Required action -
The answer must consist solely of the lines from the one containing "Iszy Billiards Heavy" through the last line of the records, set down exactly and without any pictures.

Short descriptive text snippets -
[Start of Attachment]

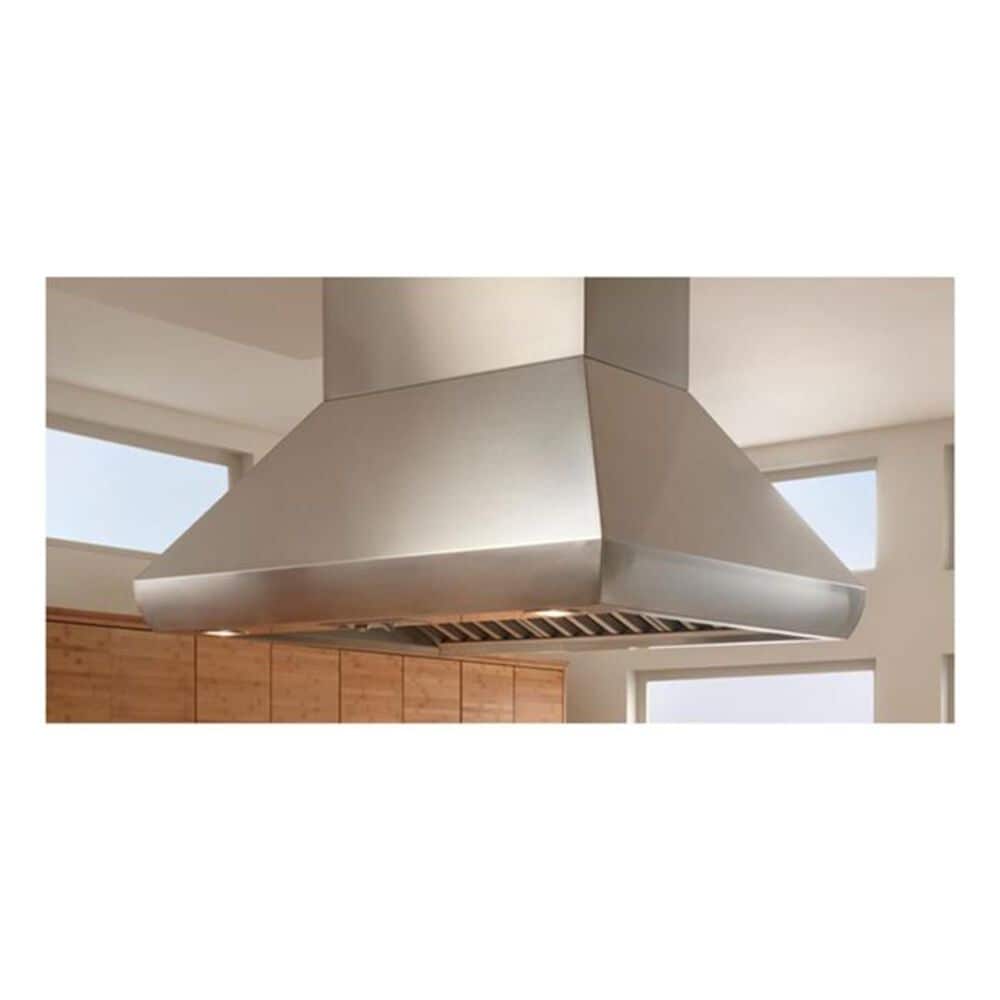 Wolf 36&quot; Pro Island Hood, , large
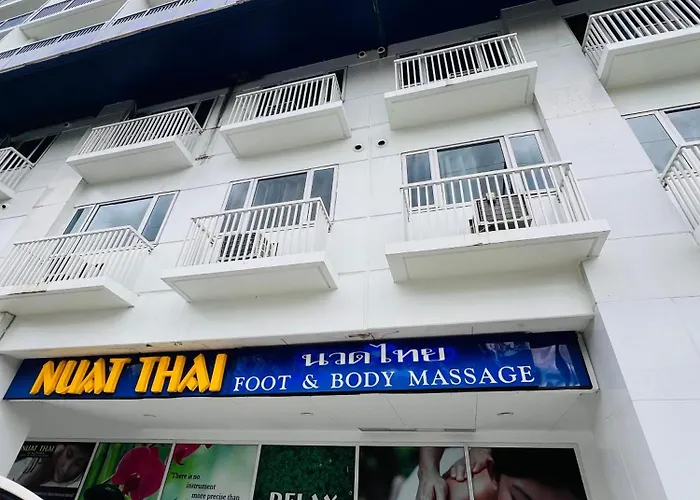 Sea Moa - Paul Condotel Apartment *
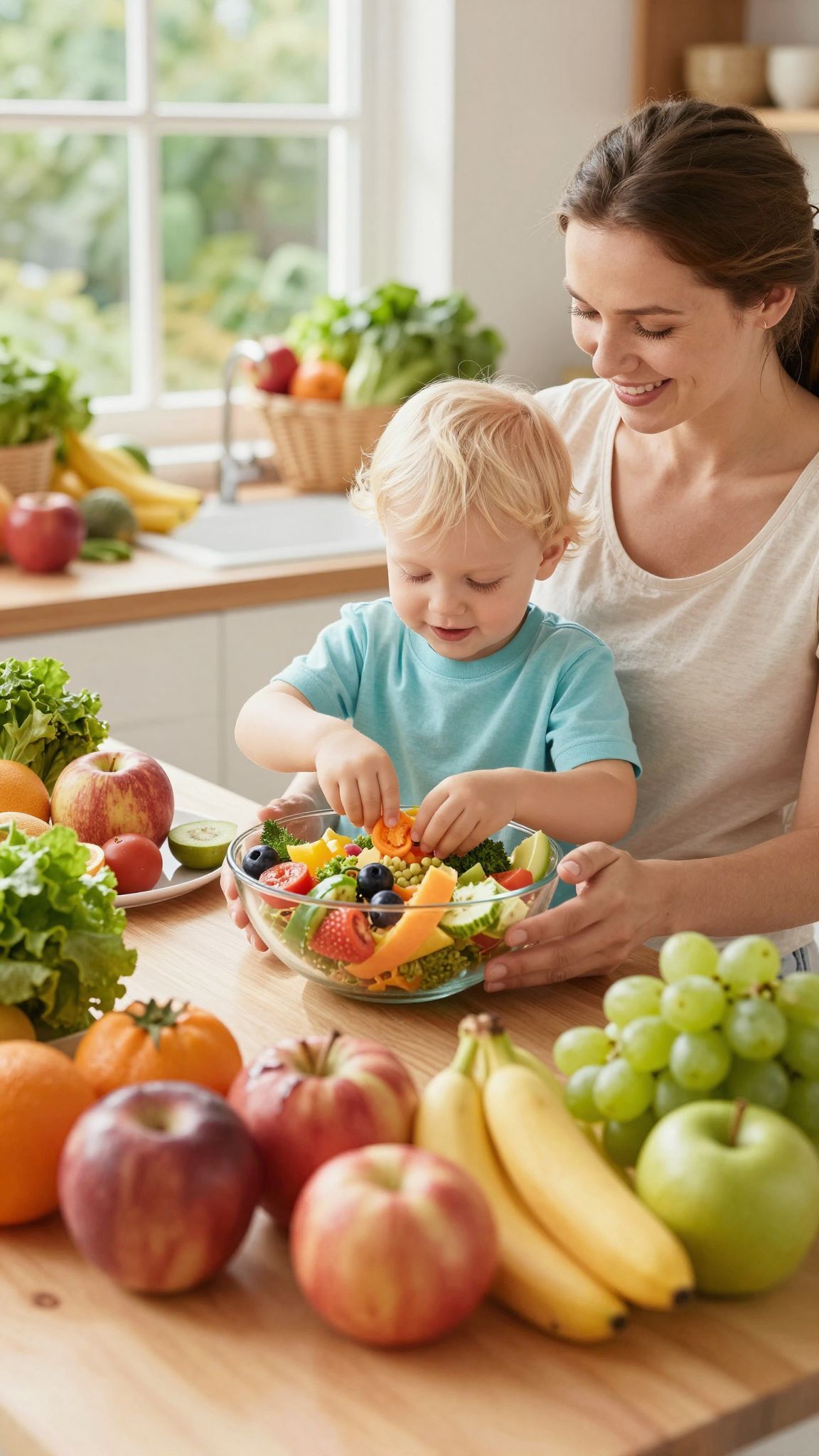 A hozzátáplálás változatossága befolyásolja a bélflóra egészségét.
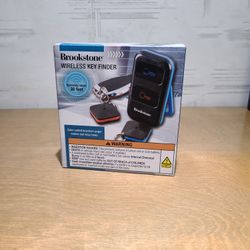Brookstone Wireless Key Finder - Never Opened 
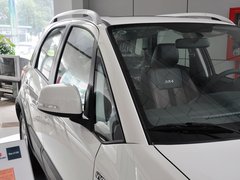 天语SX4 2012款 1.6L 自动锐骑型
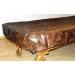 Iszy Billiards Heavy Duty Leatherette Pool Table Cover - 7ft Amber | Available in Various Colors - Buy Online on GoSupps.com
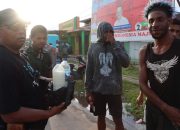 Ciptakan Situasi Aman Jelang Natal Dan Tahun Baru Polres Mappi Lakukan Razia Gabbungan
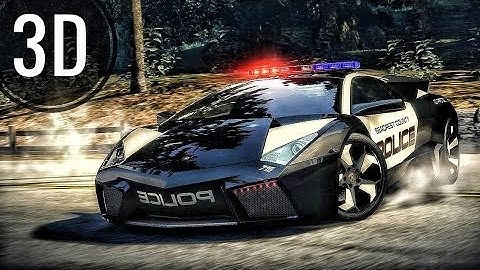 VR 3D Need for Speed VR Videos 3D SBS [Google Cardboard VR Box 360] Virtual Reality Video 3D Racing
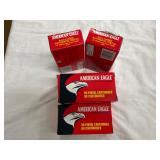 Lot# 37 - 200 Rounds of American Eagle 9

[End of Attachment]

Worked solution -
 Iszy Billiards Heavy Duty Leatherette Pool Table Cover - 7ft Amber | Available in Various Colors - Buy Online on GoSupps.com
 Ciptakan Situasi Aman Jelang Natal Dan Tahun Baru Polres Mappi Lakukan Razia Gabbungan
 VR 3D Need for Speed VR Videos 3D SBS [Google Cardboard VR Box 360] Virtual Reality Video 3D Racing
 Lot# 37 - 200 Rounds of American Eagle 9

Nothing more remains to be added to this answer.